Grand Flaneur Beach

When I first saw it on the map I thought I’d misread it: Grand Flaneur Beach. The beach was on the shore of the lake at the edge of Chipping Norton, the location marked with a green pin with a beach umbrella inside it. It seemed unlikely for a number of reasons, firstly for being a beach far from the ocean, and secondly being named “flâneur” (but without its circumflex accent hat over the ‘a’) a word which brings to mind images of 19th-century Parisian dandies rather than the south western suburbs of Sydney. A flâneur is an urban stroller, someone with no particular place to be, for whom just being out observing is a full occupation. What kind of beach would a flâneur – a grand one at that – give their name to?

The place known as Chipping Norton is an area of land enclosed by Tucoerah/ Georges River, the river that divides Dharug land to the north of the waterway, from Dharawal land to the south. The river curves around, turning back on itself, and at the turn it swells out into a lake, inside which are a number of small islands. The river has flowed for thousands of years, but the lake is only a few decades old. In the mid-twentieth century, the land was extensively mined for sand, and by the 1970s resembled a “bomb-blasted” scene, scarred by the disused pits of the sand mines. A plan was drawn up to flood the area, and transform it to what the Minister for Public Works in 1987 decreed would be “an aquatic wonderland of the west”.

Chipping Norton Lakes and Warwick Farm Racecourse, about 1980. image is from the Heritage collection of Liverpool City Library.

This wonderland was quiet in winter. It was the end of June when I visited, a time when the days were cold and short, leading up to the shortest day of the year. The city was waking up a little from the first wave of the pandemic and a few people were out, but those who were kept their distance from each other. I turned off from the streets of sensible brick suburban houses and into the parkland. Grand Flaneur Beach is marked by a plain, solid road-sign, pegged into the ground on a small clearing amid the lawn that leads down to the lake.

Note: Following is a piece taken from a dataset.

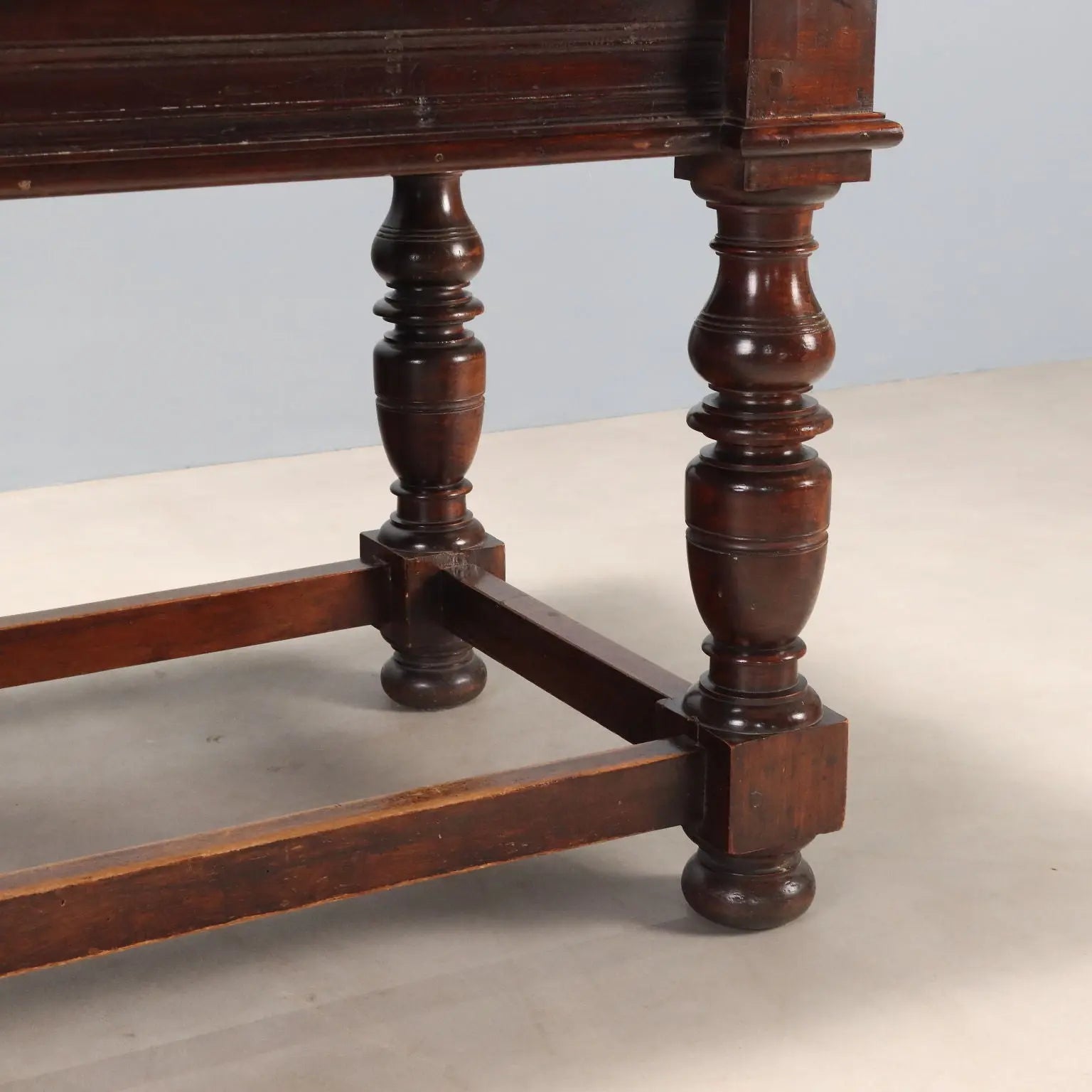 Antique Table Walnut Paneled Top Italy XIX Century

I walked down to the water’s edge, to the strip of sand churned by footprints. I’d read that sometimes bull sharks swim up into the lake to breed, and I imagined I might see a fin above the water, gliding along, although this is a rare event, and there were only ducks to be seen on the surface on this afternoon. The lake was calm, a plain, but peaceful place to be. I sat on the lawn looking over it, pouring out a cup of tea from a thermos. As I put a slice of the lemon cake I’d brought with me onto a plate I heard an unfamiliar sound, and looked up.

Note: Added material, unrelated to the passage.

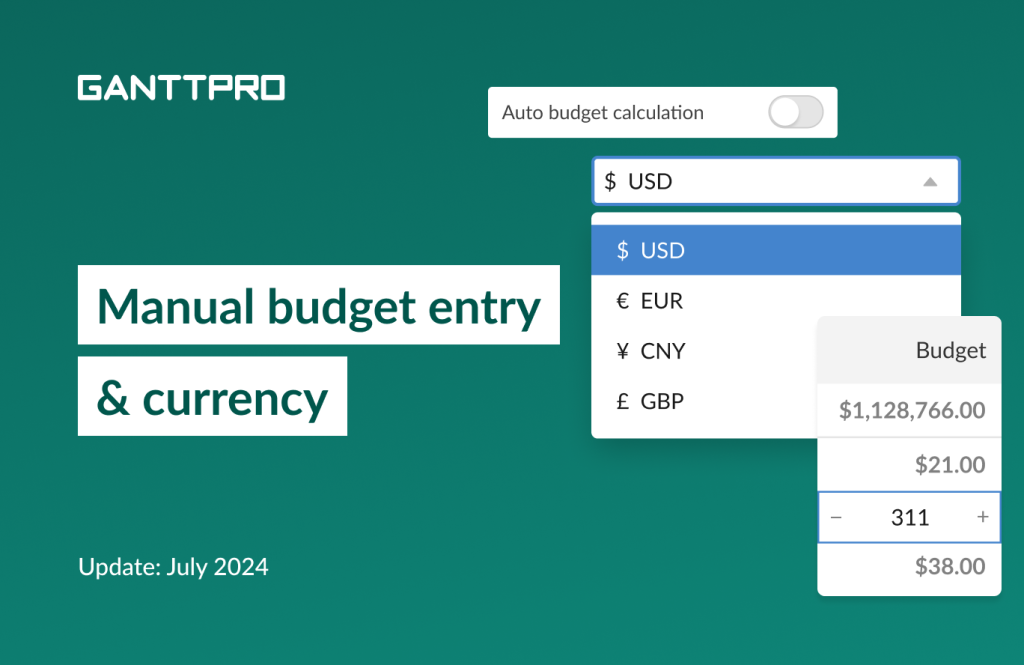 GanttPRO release: manual budget entry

The buzz overhead was a light plane flying over, after having taken off from the nearby Bankstown Airport. It had been a while since I’d noticed a plane, it being months into the travel bans, and I sat and watched the plane progress over the blue canvas of the sky until my view of it was blocked by the trees. As I watched the plane, a myna bird hopped up and started to peck at the cake, bold with the experience of many Grand Flaneur Beach picnics.

Why was the beach called this? There was nothing I could detect that solved the mystery. Who was the grand flâneur? Was it me? As much as I liked to think so, the truth was otherwise.

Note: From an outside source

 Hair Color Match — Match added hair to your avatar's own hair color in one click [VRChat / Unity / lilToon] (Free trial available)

Image: State Library of Victoria.

Grand Flaneur was a horse. A champion stallion, winner of all the major races, including the Melbourne Cup, and unbeaten upon his retirement from racing in 1881. Grand Flaneur was owned by the politician and horse-racing-enthusiast William Long, who established racing stables here, and gave the place its colonial name of Chipping Norton. The stables and racecourse that still operate at Warwick Farm had their beginnings in those days. William Long loved horses and horse-racing, but apparently he did not much like women, and it is said that he didn’t even allow women to come onto this Chipping Norton property that he held by the river.

But, well, there I was. Sitting by the side of an artificial lake, by a beach that is named after a racehorse. I was thinking about being a flâneur, about walking and observing, as the bird pecked at my cake, and another plane buzzed over above. The plane brought me back to thoughts of the pandemic and all that had changed in the months preceding me coming there. As the fear and the changes had taken hold people had asked me how this time would affect my investigations of Sydney. I wondered this too, and I still do. But I know that I’m attracted to quiet, unusual, and underpopulated places, the kind that persist despite the city changing around them, or that are hidden in plain sight, yet are not often given attention. These are the places I go in search of, and even in difficult, restricted times, they are to be found.